NEW YORK – AstraZeneca and Daiichi Sankyo on Monday said the US Food and Drug Administration has accepted their supplemental biologics application for trastuzumab deruxtecan (Enhertu; T-DXd) as a treatment for advanced HER2-positive breast cancer patients after prior HER2-targeted treatment.
The agency will review the application in an expedited manner under the priority review and real-time oncology review frameworks and issue a decision during the second quarter of 2022.
The companies submitted data from the DESTINY-Breast03 trial in which investigators pitted Daiichi Sankyo and AstraZeneca's antibody-drug conjugate against Genentech's trastuzumab emtansine (Kadcyla; T-DM1).
Researchers presented results from this study at the European Society for Medical Oncology's meeting in September and reported that T-DXd reduced patients' risk of disease progression or death by 72 percent compared to T-DM1. More than 94 percent of T-DXd-treated patients were alive at one year, versus 85.9 percent of T-DM1-treated patients. The objective response rates were 79.7 percent and 34.2 percent, respectively, in the T-DXd and T-DM1 treatment arms.

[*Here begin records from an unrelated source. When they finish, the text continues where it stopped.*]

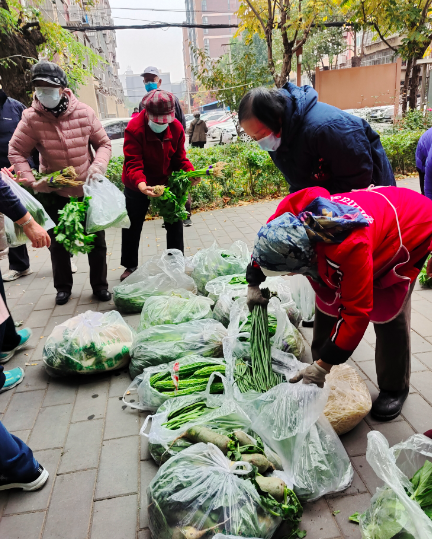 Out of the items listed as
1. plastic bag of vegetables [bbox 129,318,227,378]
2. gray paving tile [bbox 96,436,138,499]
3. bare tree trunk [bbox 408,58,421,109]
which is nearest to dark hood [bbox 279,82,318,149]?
plastic bag of vegetables [bbox 129,318,227,378]

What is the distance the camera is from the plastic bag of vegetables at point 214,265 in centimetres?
380

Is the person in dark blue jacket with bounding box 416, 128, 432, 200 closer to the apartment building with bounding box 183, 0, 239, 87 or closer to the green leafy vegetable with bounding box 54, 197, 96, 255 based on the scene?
the green leafy vegetable with bounding box 54, 197, 96, 255

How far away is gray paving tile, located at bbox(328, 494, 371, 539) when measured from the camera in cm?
175

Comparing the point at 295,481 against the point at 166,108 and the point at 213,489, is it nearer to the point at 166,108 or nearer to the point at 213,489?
the point at 213,489

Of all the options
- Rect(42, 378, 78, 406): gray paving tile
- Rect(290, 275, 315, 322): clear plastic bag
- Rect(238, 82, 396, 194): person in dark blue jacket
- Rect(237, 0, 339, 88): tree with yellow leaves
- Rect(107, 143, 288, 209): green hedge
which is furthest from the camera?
Rect(237, 0, 339, 88): tree with yellow leaves

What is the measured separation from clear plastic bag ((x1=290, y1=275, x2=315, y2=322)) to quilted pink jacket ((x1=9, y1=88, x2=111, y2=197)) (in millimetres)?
1991

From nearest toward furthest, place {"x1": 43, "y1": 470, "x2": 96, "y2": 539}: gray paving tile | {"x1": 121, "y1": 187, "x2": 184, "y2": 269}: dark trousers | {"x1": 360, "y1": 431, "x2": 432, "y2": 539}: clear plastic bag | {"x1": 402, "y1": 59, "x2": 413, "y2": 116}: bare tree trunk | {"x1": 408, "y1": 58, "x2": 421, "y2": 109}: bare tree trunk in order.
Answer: {"x1": 360, "y1": 431, "x2": 432, "y2": 539}: clear plastic bag → {"x1": 43, "y1": 470, "x2": 96, "y2": 539}: gray paving tile → {"x1": 121, "y1": 187, "x2": 184, "y2": 269}: dark trousers → {"x1": 408, "y1": 58, "x2": 421, "y2": 109}: bare tree trunk → {"x1": 402, "y1": 59, "x2": 413, "y2": 116}: bare tree trunk

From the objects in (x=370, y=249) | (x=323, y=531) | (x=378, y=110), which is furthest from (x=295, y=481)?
(x=378, y=110)

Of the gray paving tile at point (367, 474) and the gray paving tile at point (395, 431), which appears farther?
the gray paving tile at point (395, 431)

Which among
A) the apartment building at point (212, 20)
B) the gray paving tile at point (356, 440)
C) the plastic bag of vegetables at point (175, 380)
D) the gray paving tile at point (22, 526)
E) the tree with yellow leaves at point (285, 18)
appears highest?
the apartment building at point (212, 20)

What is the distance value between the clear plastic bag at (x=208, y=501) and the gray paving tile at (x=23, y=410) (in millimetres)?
1231

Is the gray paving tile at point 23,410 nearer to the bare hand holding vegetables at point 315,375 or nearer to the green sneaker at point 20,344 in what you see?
the green sneaker at point 20,344

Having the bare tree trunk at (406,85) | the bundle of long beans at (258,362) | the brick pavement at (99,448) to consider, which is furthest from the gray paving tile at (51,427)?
the bare tree trunk at (406,85)

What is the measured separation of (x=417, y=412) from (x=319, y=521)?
37.0 inches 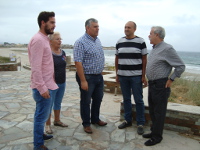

T-DXd is already approved in the US for HER2-positive advanced breast cancer patients who have received two or more HER2-targeted treatment regimens. If the FDA approves this new application, it would allow oncologists to prescribe T-DXd in earlier treatment lines.
According to a statement from Ken Takeshita, Daiichi Sankyo's global head of R&D, this is the first time a drug application will have undergone both priority review and real-time oncology review simultaneously.
"The FDA's prioritization of our application underscores the potential of this medicine and the continued need to expedite the availability of new treatment options, while making it possible to potentially receive approvals in several countries concurrently," Takeshita said.